Recent California Cases of Note

By February 1, 2013 October 25th, 2018 Insurance Blog, Larry Arnold

Larry Arnold

I have come across a few California cases that I thought you might find interesting.

The amount listed in the declarations for “actual cash value” is a limit and does not create a “valued” property policy.

In the case of George v. Automobile Club of Southern California ((2011) 201 Cal.App.4th 431), the Court of Appeal found that pursuant to Insurance Code section 410, a property policy is either “open” or “valued.”  Pursuant to Insurance Code section 411, an “open” policy is “one in which the value of the subject matter is not agreed upon, but is left to be ascertained in case of loss.”  In contrast, pursuant to Insurance Code section 412, a “valued” policy is “one which expresses on its face an agreement that the thing insured shall be valued at a specified sum.”  The appellate court held that the insured’s interpretation of the policy was inconsistent with the language of the policy’s loss payment cause, which provided for payment “up to” the limit.  The Court further noted that the insured’s interpretation was inconsistent with the fact that the policy contained an appraisal clause, which provided a procedure for resolving disputes about value in the event of a total loss.

Domestic water backup or overflow exclusion enforced.

In Cardio Diagnostic Imaging, Inc. v. Farmers Insurance Exchange (2012) W.L. 6619029, the appellate court held that the policy exclusion for water that “backs up or overflows from a sewer, drain or sump” unambiguously applied to damage caused by water that overflowed from a toilet in a third floor suite, occupied by a third party, and leaked into the first floor suite occupied by the insured.  The loss was the result of a blockage in the sewer line, approximately 20 to 40 feet below the toilet, which prevented excess water in the toilet from draining into the sewer after the intake mechanism in the toilet failed to shut off.  In order for the exclusion  to apply, it was not necessary for the water to have come from inside the sewer or drain because the policy expressly excluded water that “backs up or overflows” from a sewer or drain.  Even though the water that overflowed came from the toilet, the toilet was attached to a drain, and the undisputed cause of the overflow was a blockage in the sewer line below.

A property insurer must promptly object to late notice of claim, and must establish substantial prejudice from failure to submit to a sworn proof of loss.

In Henderson v.
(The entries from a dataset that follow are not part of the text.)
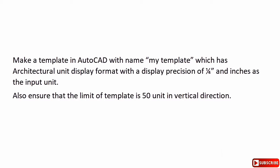Also, ensure that inches is selected as the unit and the limit of this template should be set at 50 units in vertical direction. These are different points that you need to keep in mind. Now let's get back to AutoCAD.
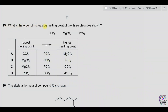Question 19. What is the order of increasing melting point of these three chlorides shown? The first is carbon tetrachloride, the second is magnesium chloride, and the third is phosphorus pentachloride. Carbon tetrachloride is a gas at room temperature so its melting point is very low.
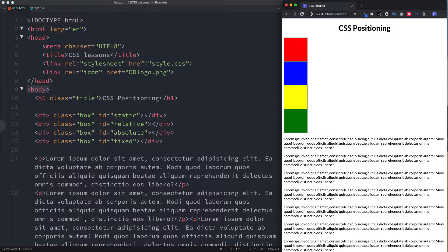Hey there guys, it's Amit and welcome back to Dev Dreamer. So you've learned quite a lot when it comes to CSS. In this lesson we're going to look at CSS positioning, and understanding how to lay out your elements on the page and how to correctly position them is vital when it comes to CSS.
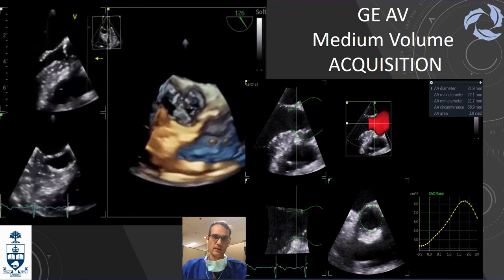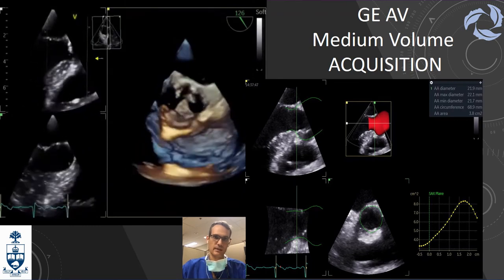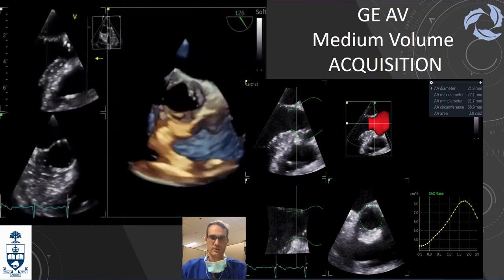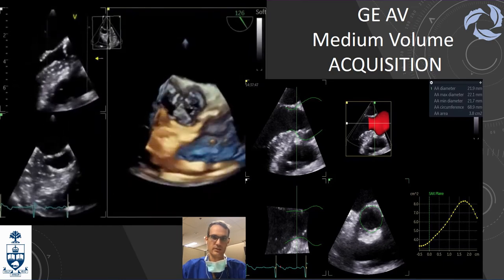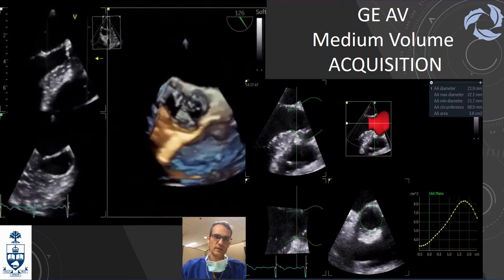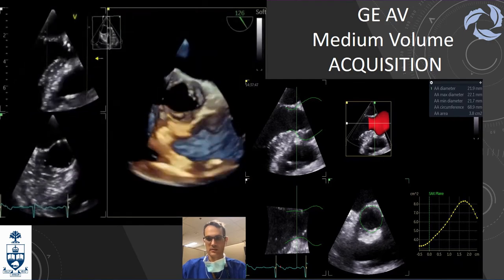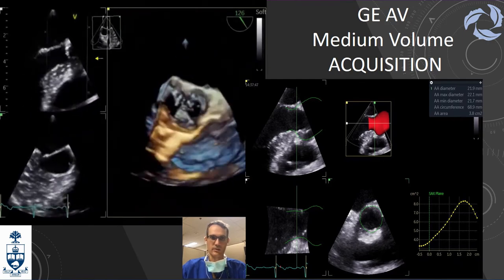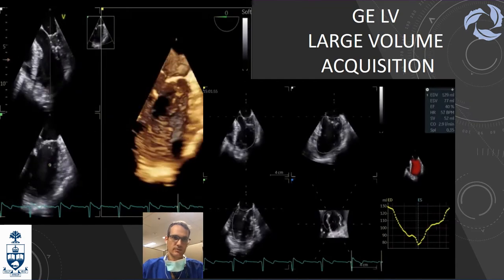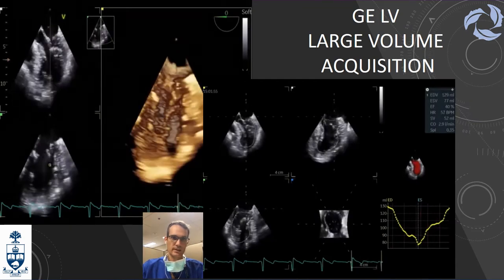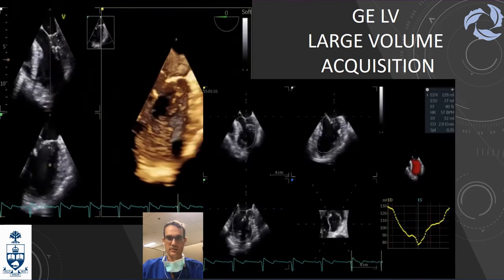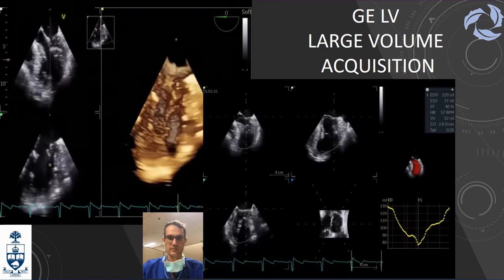When you go to large volume, it's normally recommended to get the whole left ventricle inside. With that you can generate a 3D ejection fraction with end-diastolic and end-systolic volumes, stroke volume, and cardiac output.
Farmers Group, Inc. ((2012) 210 Cal.App.4th 459), the appellate court found that the insured had waited nine months to report a loss and noted that Insurance Code section 450 provides in part, as follows: “In case of loss upon an insurance against fire, an insurer is exonerated if notice thereof is not given to him without unnecessary delay…”  The appellate court held that even though Farmers had sustained substantial prejudice because of the delay, it had waived the defense.  In reaching this conclusion, the appellate court relied upon Insurance Code section 554 which provides, in part, that: “delay in the presentation… of notice… of loss is waived, if [the insurer] omits to make objection promptly and specifically upon that ground.”  The appellate court also found that while the insured failed to submit a proof of loss within 60 days, the failure to submit the proof of loss had not caused substantial prejudice to Farmers.  This was supported by the fact that Farmers admitted that it had based its determination of damage (or lack thereof) on the findings of the industrial hygienist that Farmers had retained.

Please note, however, that the California Supreme Court has granted review of this case which decertifies this opinion.